Dispensationalism comes in various forms. A “dispensation” is a period of time. An era. In its most extreme form it regards God as having multiple plans of salvation depending on the particular dispensation. These dispensations generally commence with the Dispensation of Innocence and include other Dispensations such as the Dispensations of Works, Law, and Grace. This is contrasted by the orthodox Christian view of regarding God only ever having one means of salvation: the work of Jesus of Nazareth, especially His suffering, death and resurrection. But Dispensationalism is most notably distinguished from orthodox Christianity in the way it regards Israel. Dispensationalism says that God has a distinct plan and salvation for Israel. The roof of Dispensationalism is then supported by the walls of a novel form of end-times teaching. This includes such things as a rapture of the Church, a two-part Tribulation period, the global rule of an Anti-Christ, the reconstruction of a Temple in Jerusalem, the Battle of Armageddon, and then the Return of Christ. Dispensationalist Bible Prophecy teachers have gone to great lengths in their predictions of what the future holds based on their interpretation of the Bible. I have written a separate article on some of these predictions. But there’s a problem. A big problem!

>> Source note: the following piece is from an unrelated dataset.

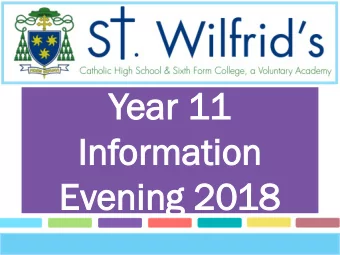 Year 1  ear 11  1  In  Information  ormation  Ev  Evening  ening 20  2018  School  ool Hour  urs  s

DISPENSATIONALISM’S BIG PROBLEM
Put simply, Dispensationalism’s big problem is its inability to consistently forecast world events based on its interpretation of Bible prophecy. The things that Dispensationalism predicted would happen in the 20th century have largely not happened. This is a big problem especially because most Dispensational Bible Prophecy teachers usually add time-frames to their interpretations. For example, Dispensationalists were almost shrill in their claims of what the future held leading up to the year 2000. Some of the most outrageous claims were made about how the Bible predicted the coming Y2K bug!!! When it became obvious that there was no global financial collapse, no revelation of a world dictator (the “Anti-Christ”), no rapture of the Church, no reconstruction of a Jerusalem Temple, or any other such Dispensational prediction, these Prophecy Teachers became very quiet. Except for some, like John Hagee who presses on with Dispensationalism regardless (I have written about some of his outrageous claims separately).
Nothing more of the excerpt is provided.